How is Pilates With Teresa different from other Pilates studios?
Teresa’s sessions include:
- Postural analysis
- State of the art equipment including Avalon and TRX
- Video of key portions of your session for home practice
- Physical therapy manual techniques as needed
- Specialties: Osteoporosis, Injuries, Pregnancy, Dance
- Documentation of progress to structure future sessions
- Pilates and beyond with a healthy dose of humor
- Massage with bongers at end of session
How often should I take Pilates classes to get results?
The following quote from Joseph H. Pilates says it the best.
In ten sessions, you will feel the difference, in twenty you will see the difference, and in thirty you’ll have a whole new body.
Though the idea of a whole new body in 30 sessions may be stretching things, you can definitely expect to feel more energized, taller and more toned after just one class.

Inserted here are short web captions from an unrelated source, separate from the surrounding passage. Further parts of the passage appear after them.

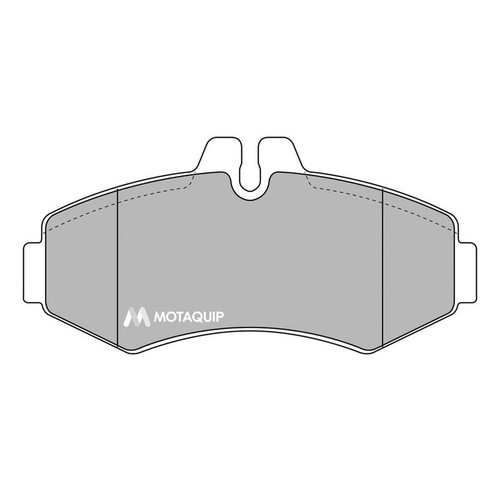 Brake pads set for mercedes - brake,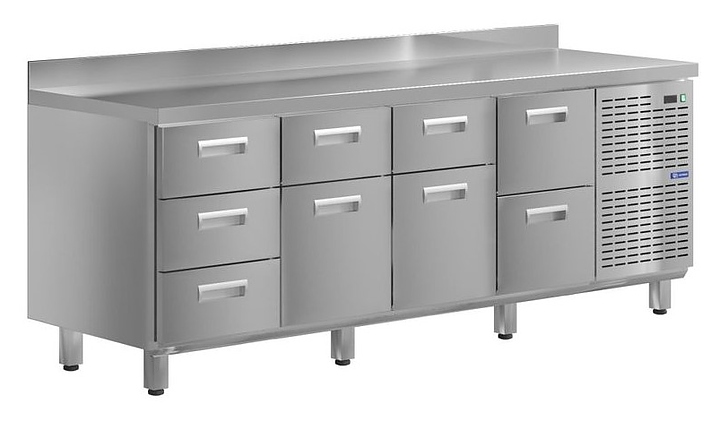 Стол холодильный KAYMAN КСХ-3442/60 (9 ящиков)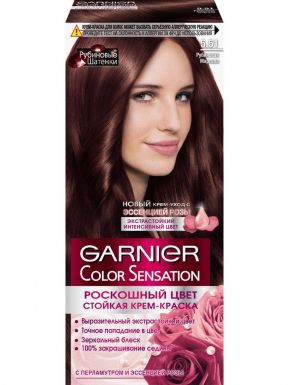 Garnier Color Sensation краска для волос, тон 5.51 Рубиновая Марсала, 110 мл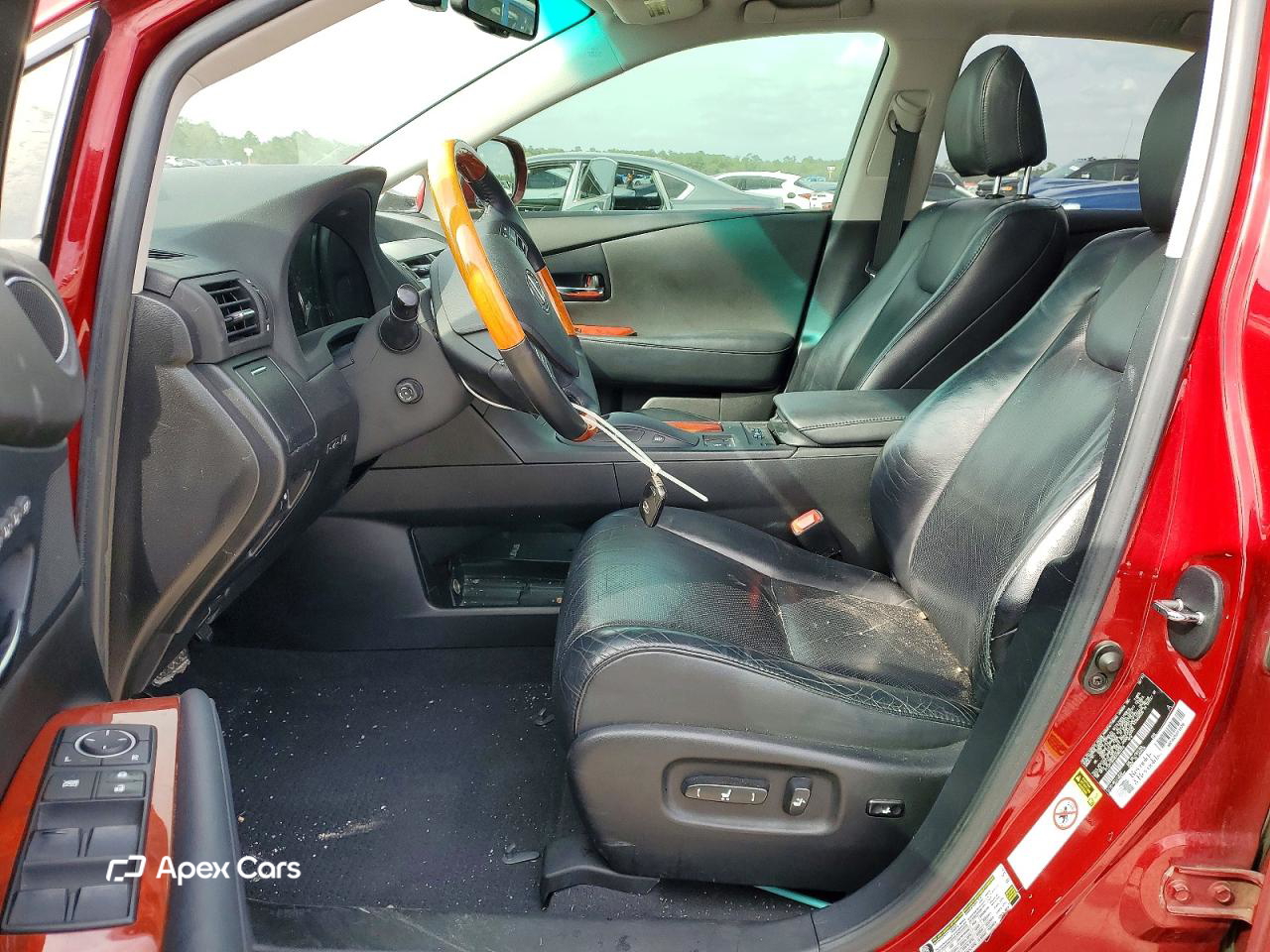 Lexus RX 2012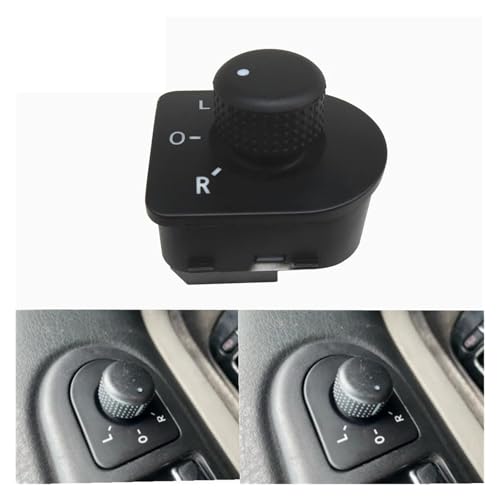 Interrupteur de commande rétroviseur pour VW Golf Jetta et Beetle commande bouton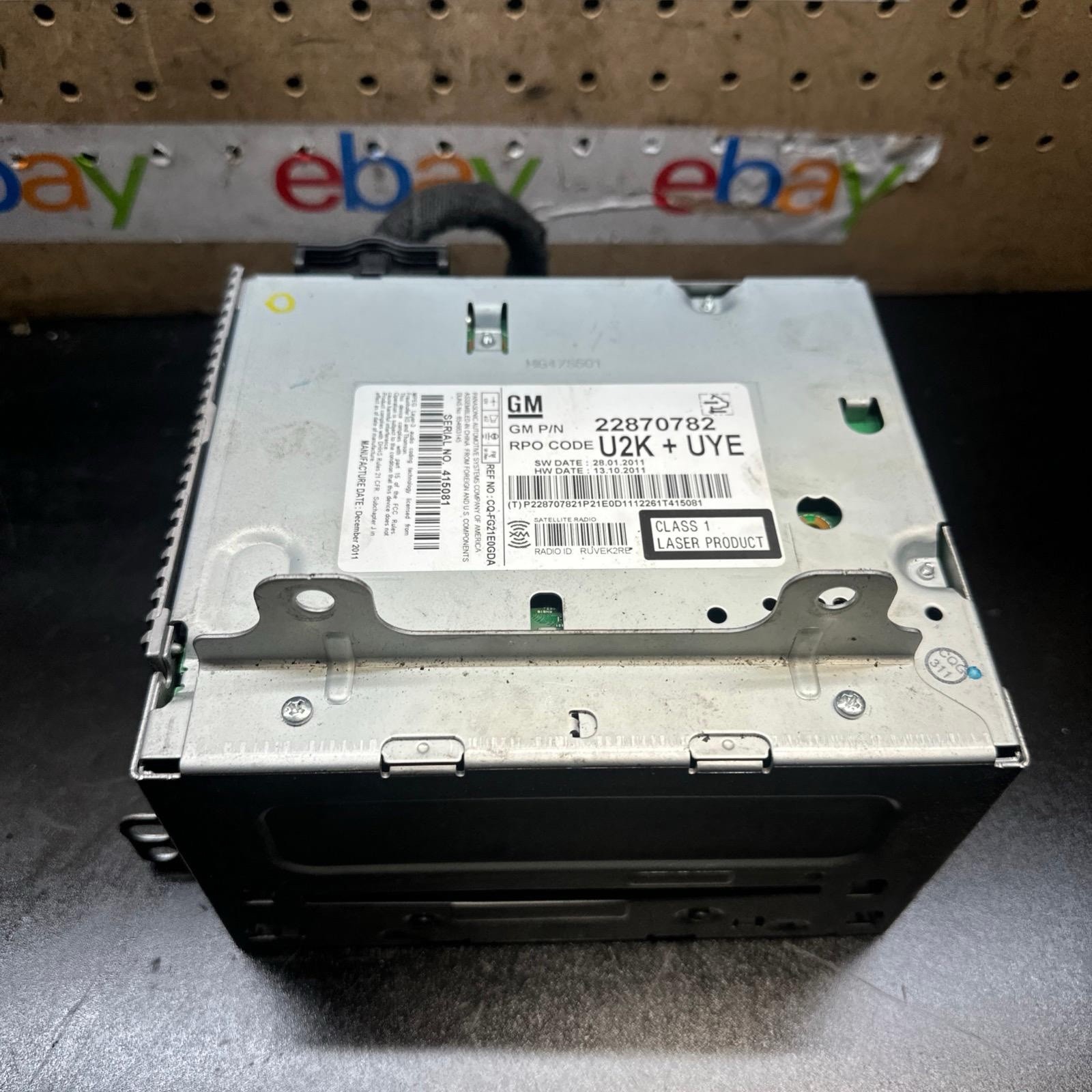 Chevy Cruz 2012 stereo receivers used (.2)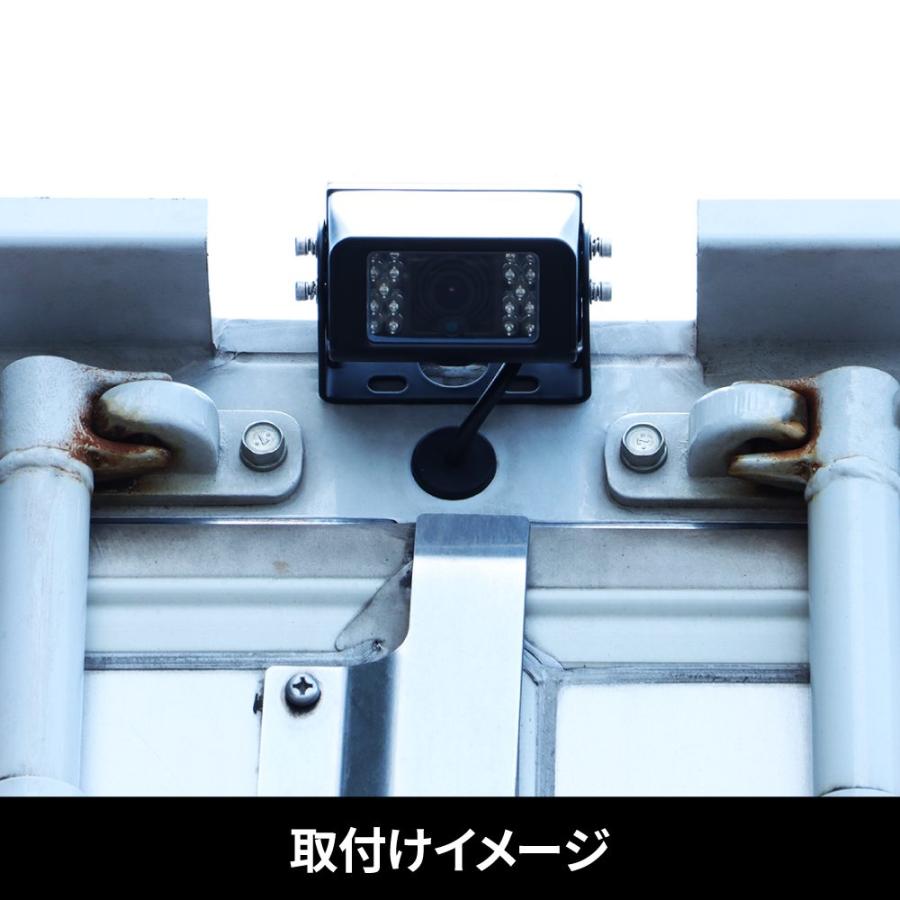 ②開封未使用品 JETINOUE 20mコード付 バックカメラ 防水ジャック仕様 20Mコードタイプ 12V/24V車共用 2台セット 札幌市 新道東店 バックカメラ 防水ジャックタイプ 20mコード付 ジェットイノウエ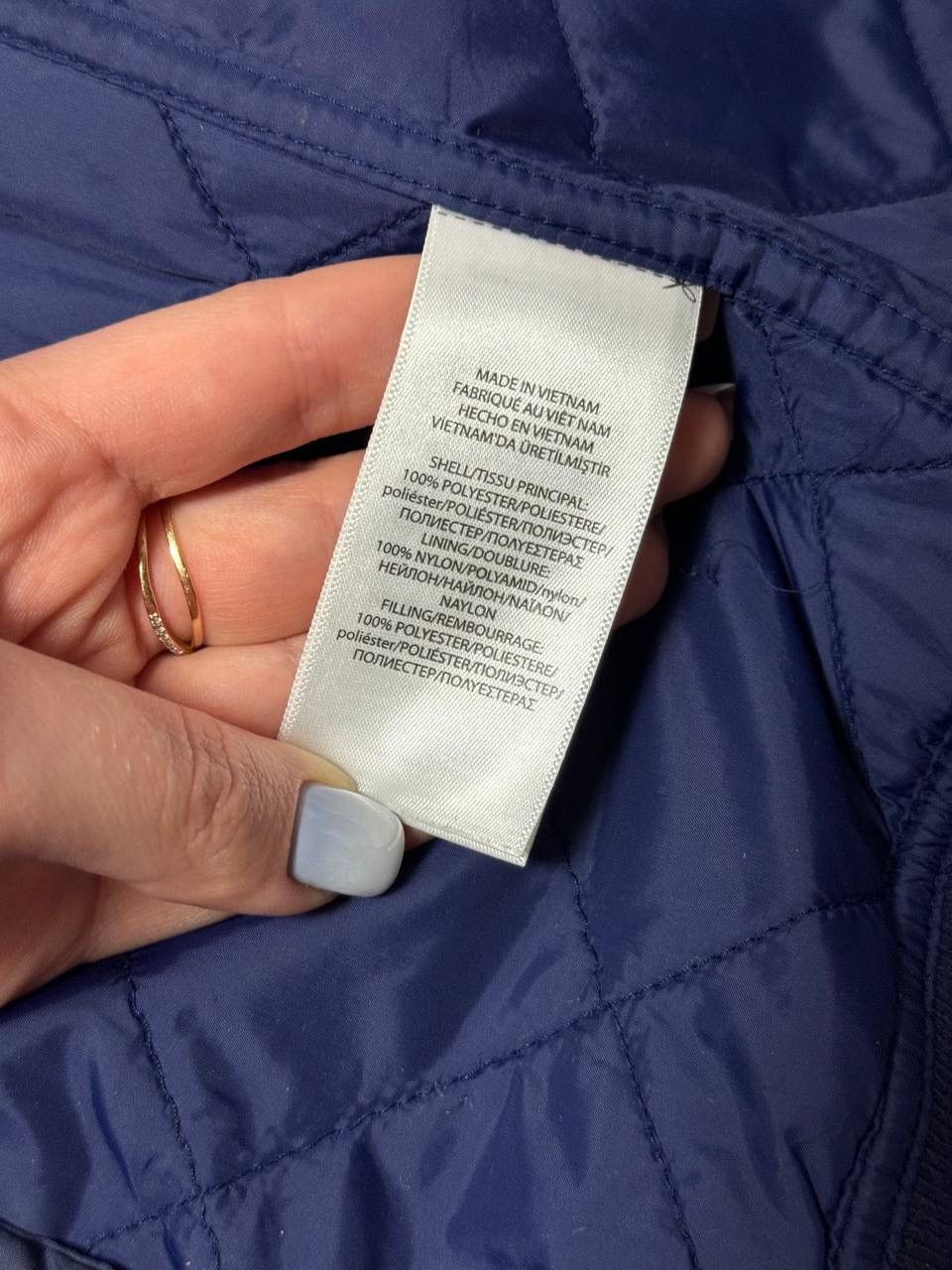 Polo Ralph Lauren Vintage Polo Ralph Lauren Quilted Jacket Bomber Size US S / EU 44-46 / 1 - 9 Thumbnail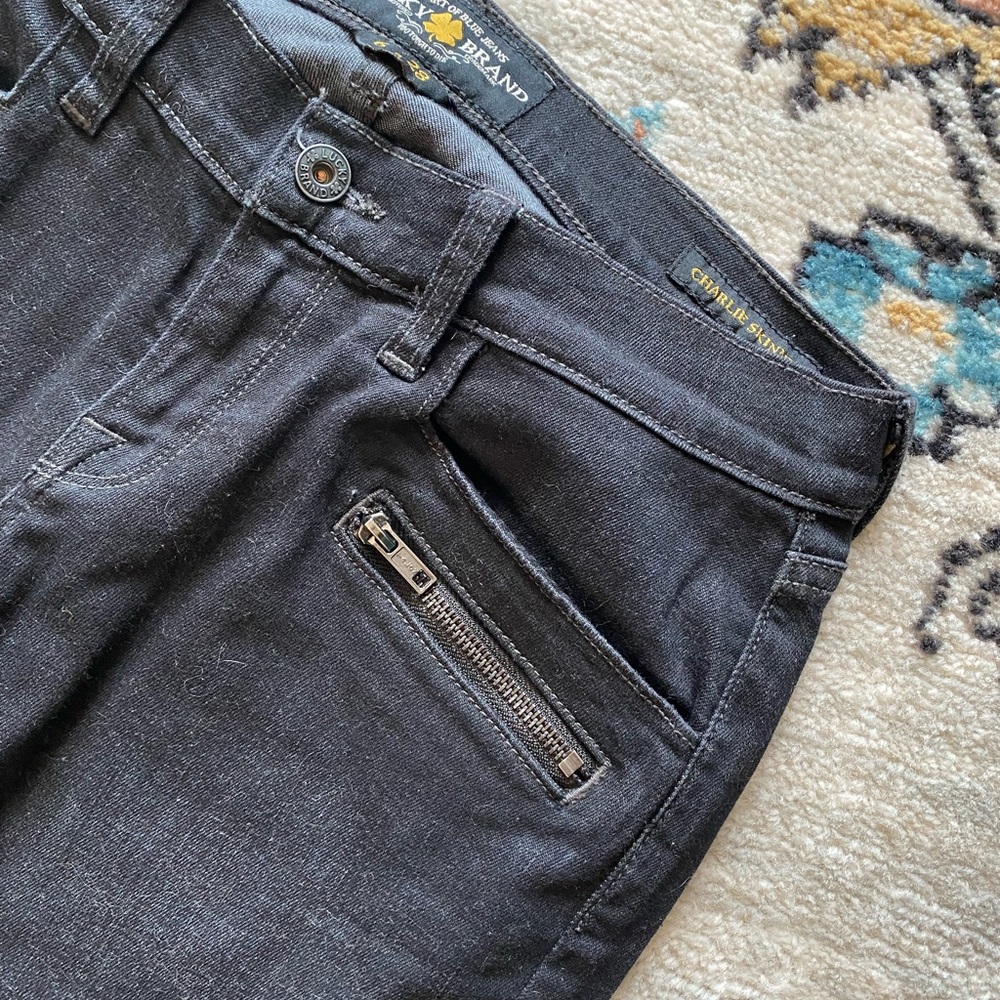 Charlie Skinny Lucky Brand size 6/28
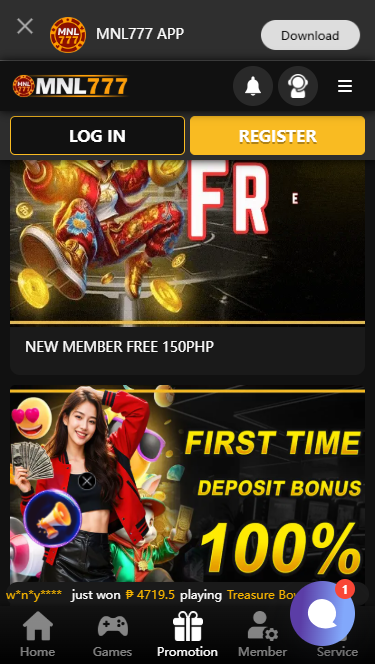 MNL777 Casino - Promotion - phbet1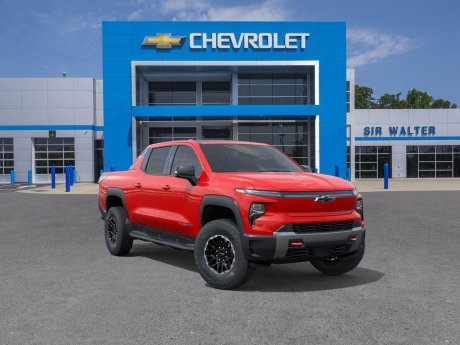 2026 Chevrolet Silverado EV Max Range Trail Boss 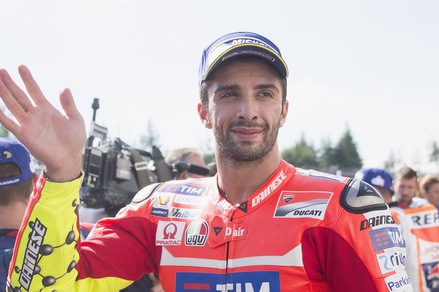 MotoGp Brno, Iannone: «Possiamo giocarci il podio»
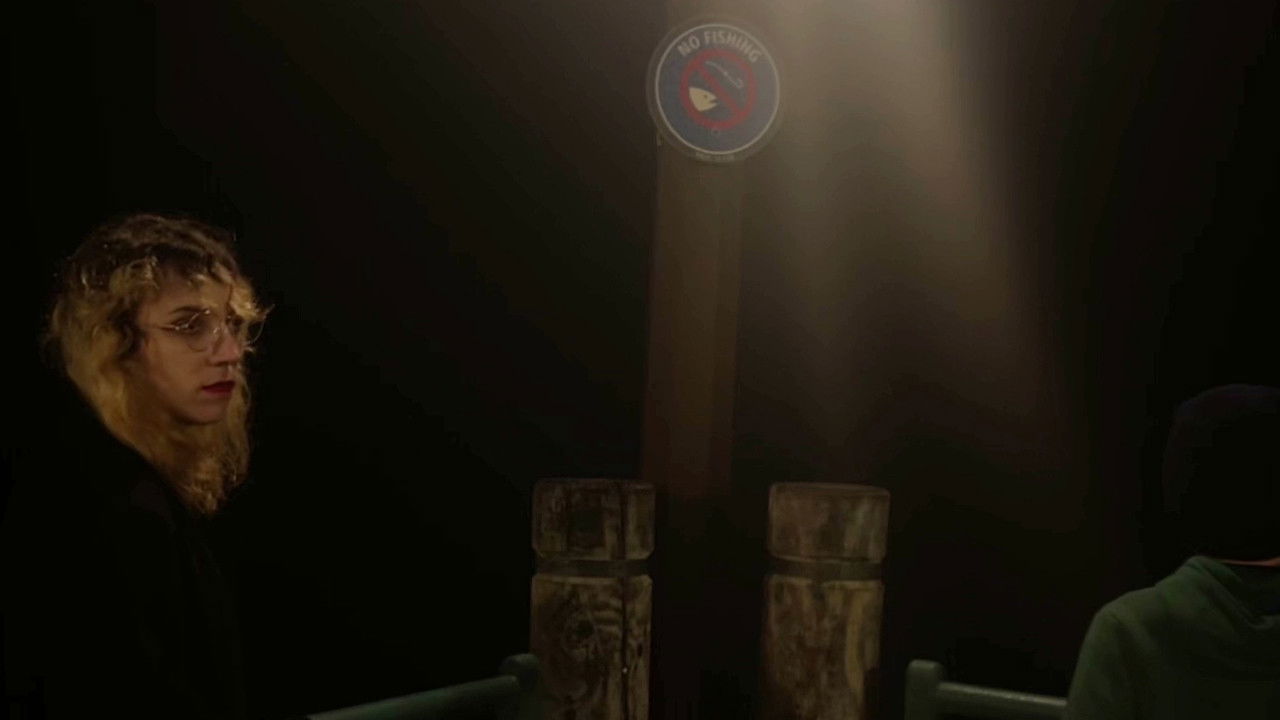 Backdrop for Sea of Black, Glimmer of Light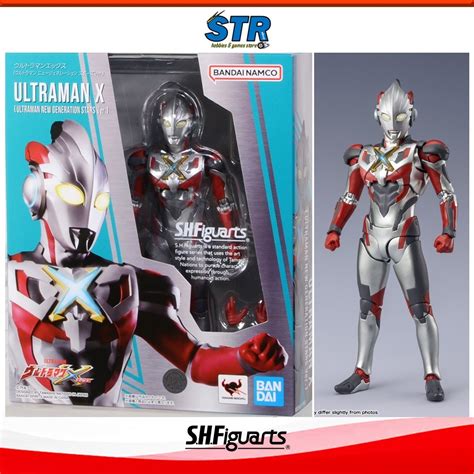 BANDAI SHF S H Figuarts Ultraman X Ultraman New Generation Stars Ver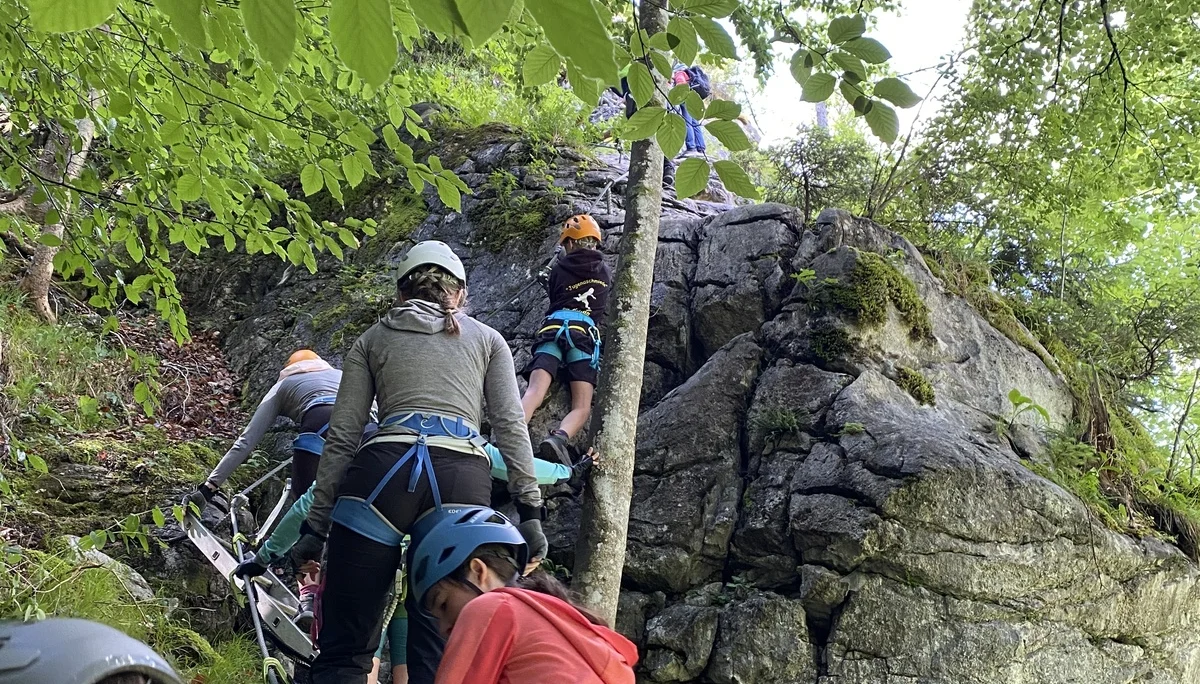 Grundkurs Klettersteig | © Maier Georg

As with any discipline, practice and consistency is key to maximize benefits. 2-3x per week is optimal. Since that is not practical for many people, some of my clients take 1 private or 1 semiprivate a week supplemented by a home exercise program designed for them. I encourage autonomy and give my clients mat exercises they can do at home to continue to address their goals. The more diligent you are with the exercises, the greater the results.
Is it safe to do Pilates everyday?
Yes, but our view of Pilates is not just class exercises. It is an on-going discipline with principles practiced throughout your day. You can draw on these Pilates principles while at the supermarket practicing core control as you glide your cart away, then toward you. Practice axial elongation as you drive your car, lengthening your spine to see in the rear view mirror. You can practice conscious postero-lateral breathing during stressful work meetings. When taking classes, be mindful of giving your muscles enough time to recover. If your muscle is fatigued, precision and control may suffer so listen to your body and give it the rest it needs. Also give your mind and body time to integrate the work that you are doing. Remember, it is a practice and you need to be patient with yourself.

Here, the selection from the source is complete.